## [Activity]
Verbatim output of the lines below is required, with the images omitted.

## [Dataset excerpt]
• • • • •
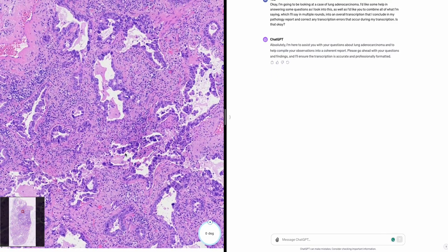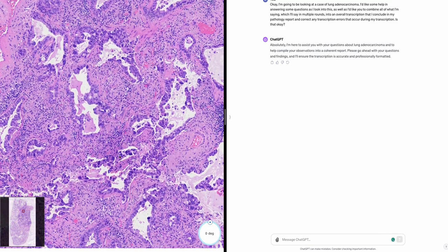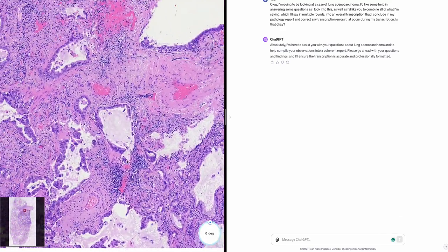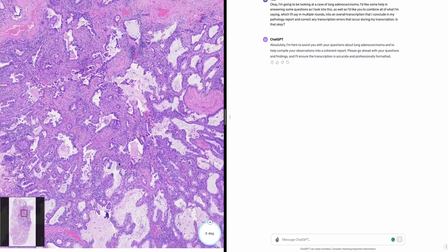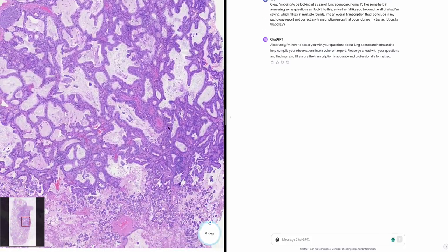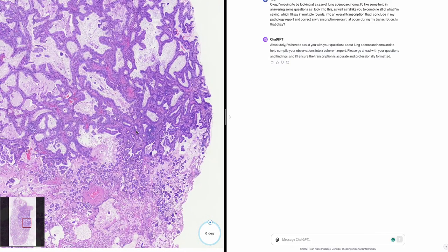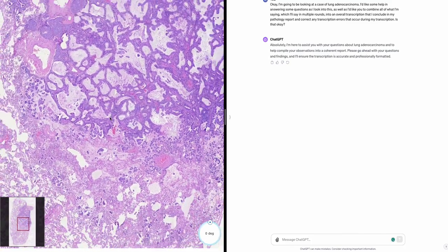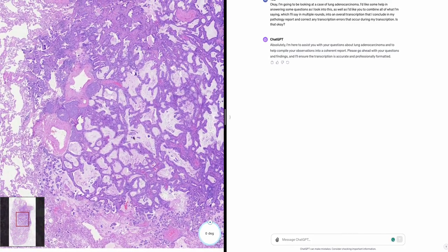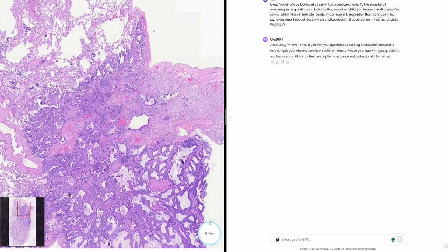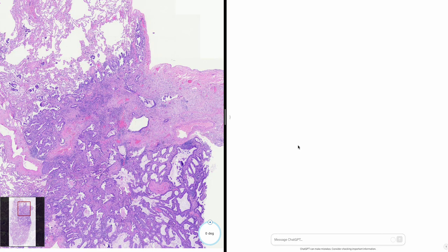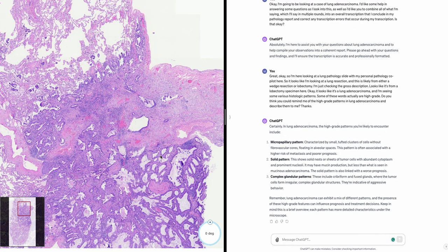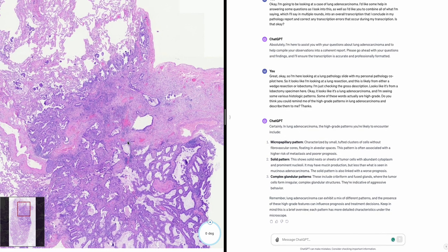Three, complex glandular patterns, including cribriform and fused glands, where tumor cells form irregular complex glandular structures. Lung adenocarcinoma can exhibit a mix of different patterns, and the presence of these high-grade features influences prognosis and treatment decisions. This is a brief overview — each pattern has more detailed characteristics under the microscope.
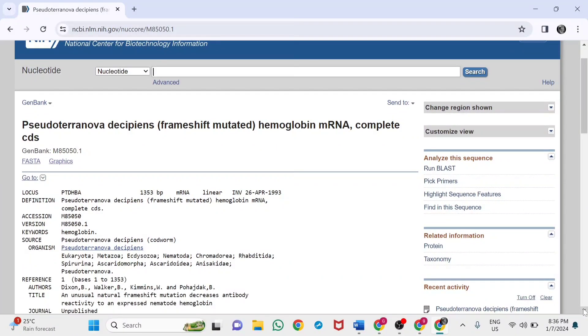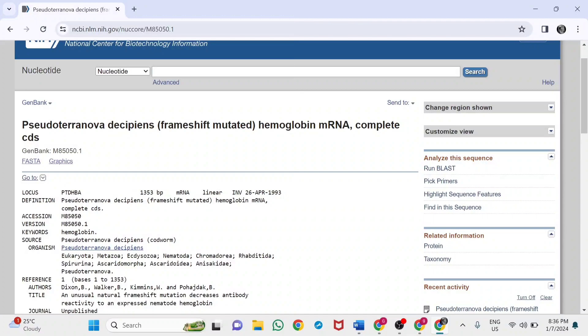This is the GenBank accession number. GenBank is the database where several nucleotide and protein sequences with supporting bibliographic and biological annotations are built and distributed by the NCBI.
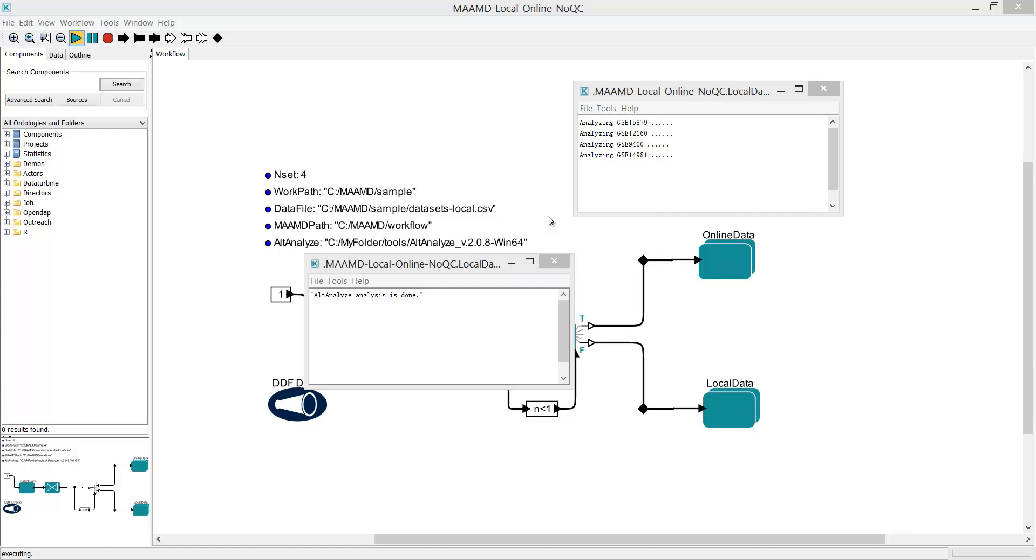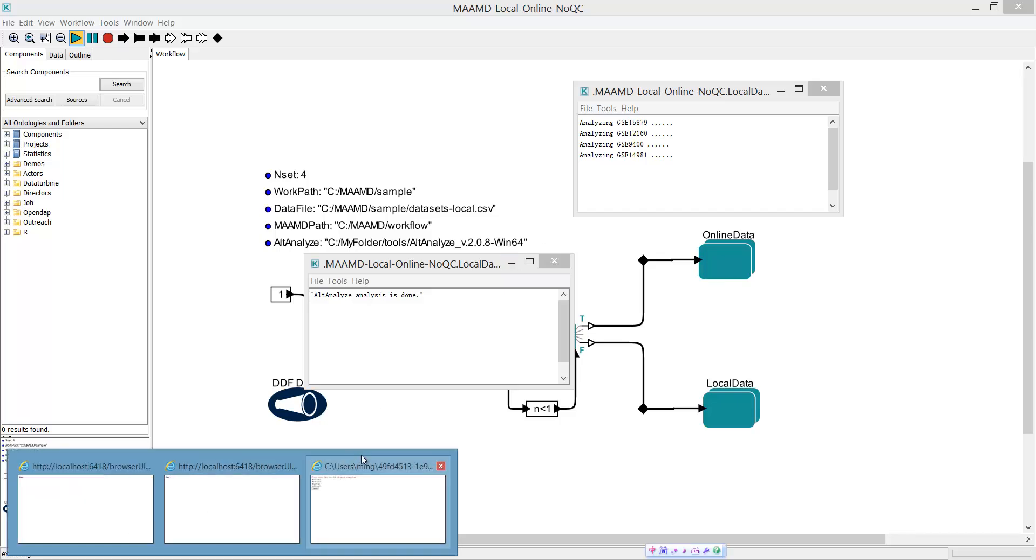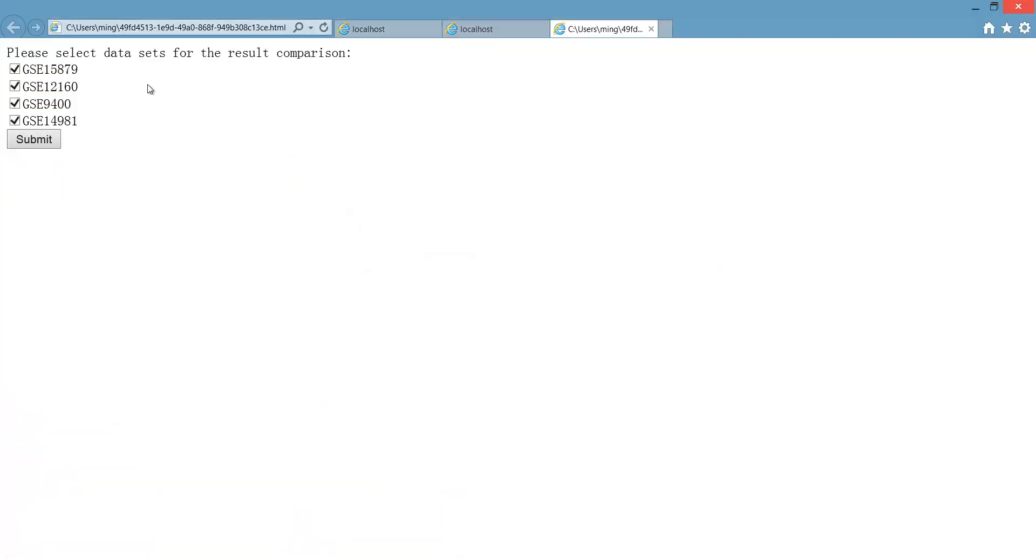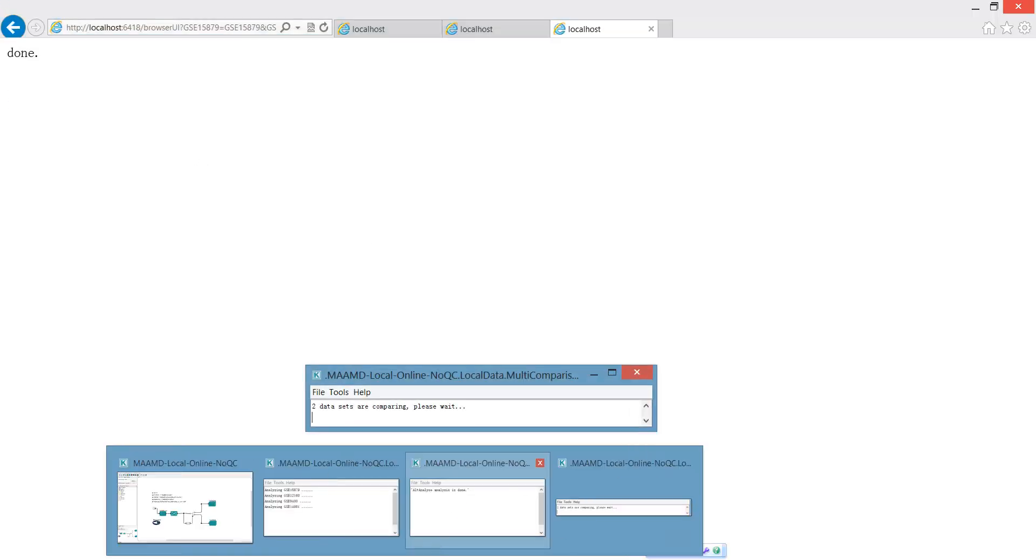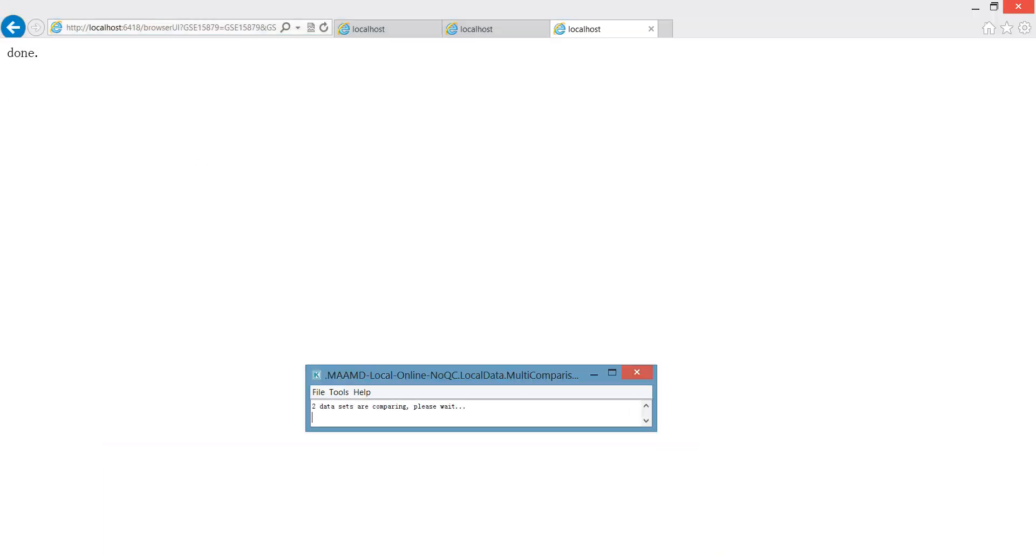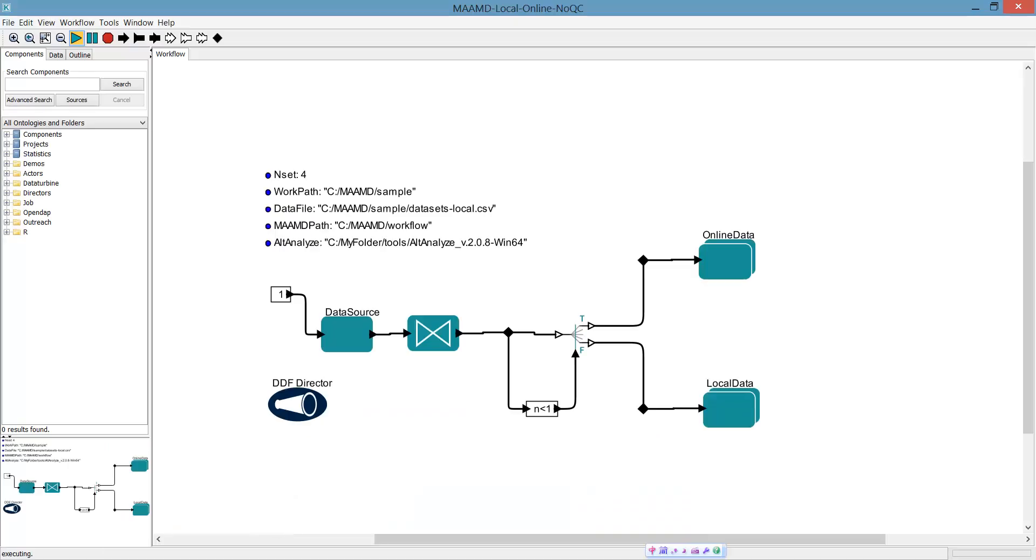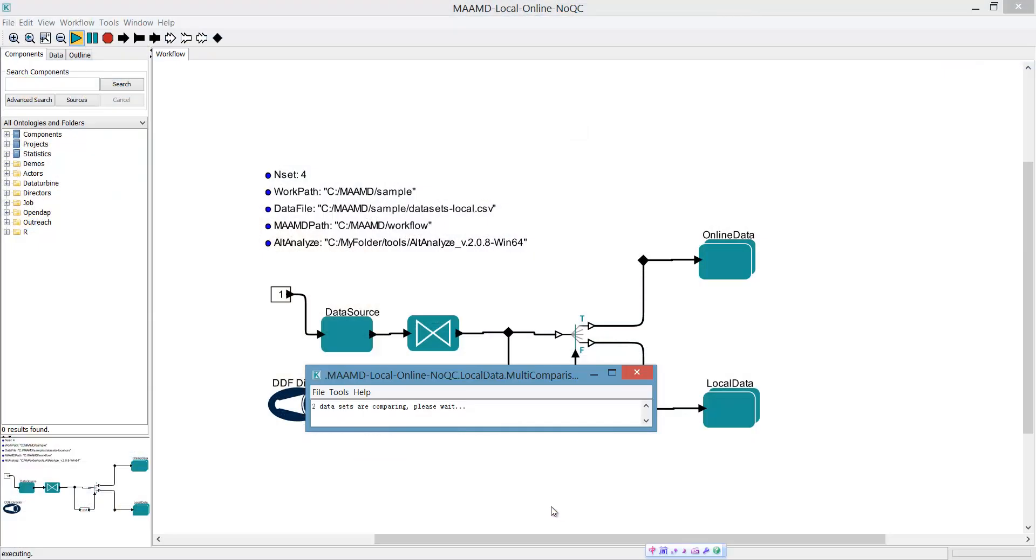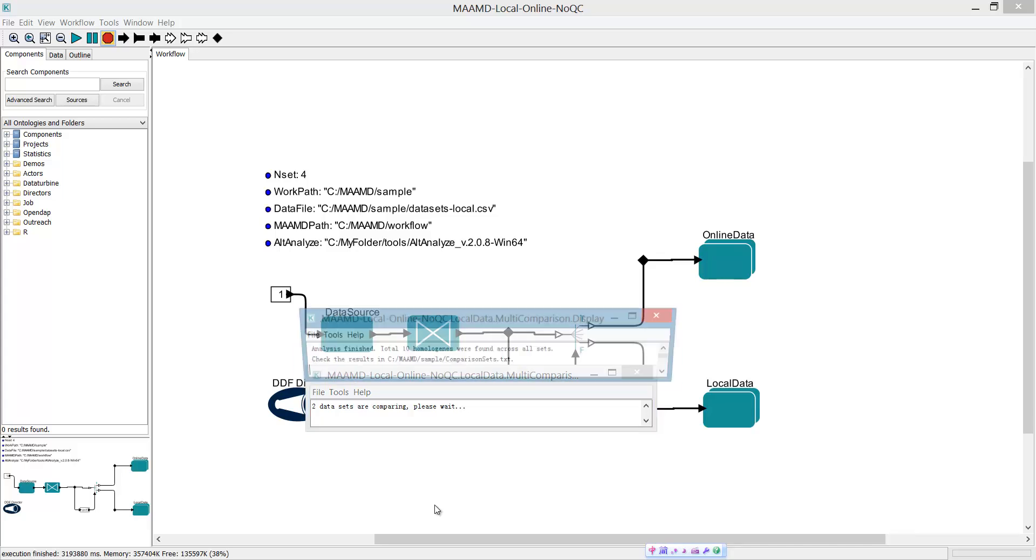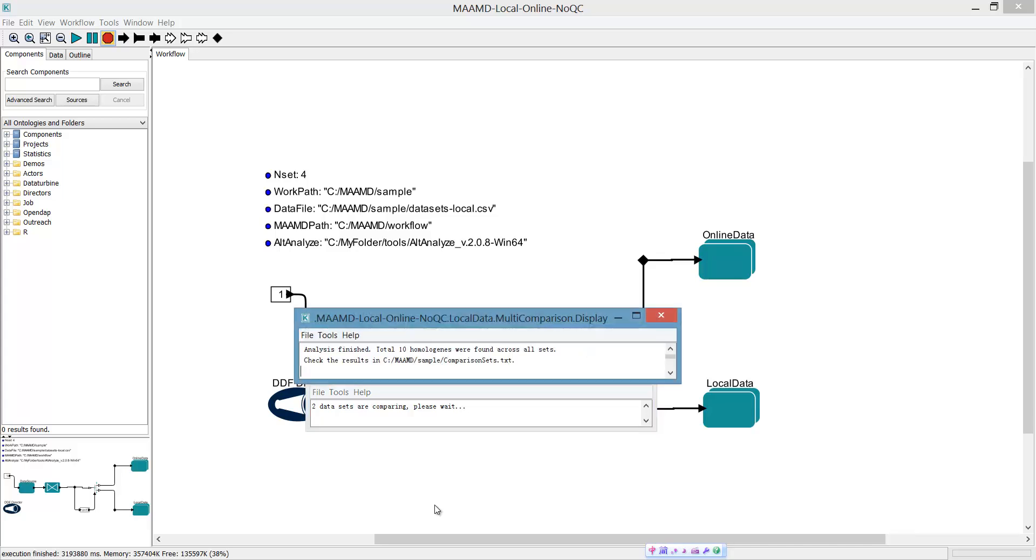Now you can switch to inter-dataset analysis to identify the conserved genes between datasets. Once you finish the inter-dataset analysis, a dialog will show how many genes you have found between the datasets and where the results are stored.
• • • • •
## [Written answer]
Three, complex glandular patterns, including cribriform and fused glands, where tumor cells form irregular complex glandular structures. Lung adenocarcinoma can exhibit a mix of different patterns, and the presence of these high-grade features influences prognosis and treatment decisions. This is a brief overview — each pattern has more detailed characteristics under the microscope.
This is the GenBank accession number. GenBank is the database where several nucleotide and protein sequences with supporting bibliographic and biological annotations are built and distributed by the NCBI.
Now you can switch to inter-dataset analysis to identify the conserved genes between datasets. Once you finish the inter-dataset analysis, a dialog will show how many genes you have found between the datasets and where the results are stored.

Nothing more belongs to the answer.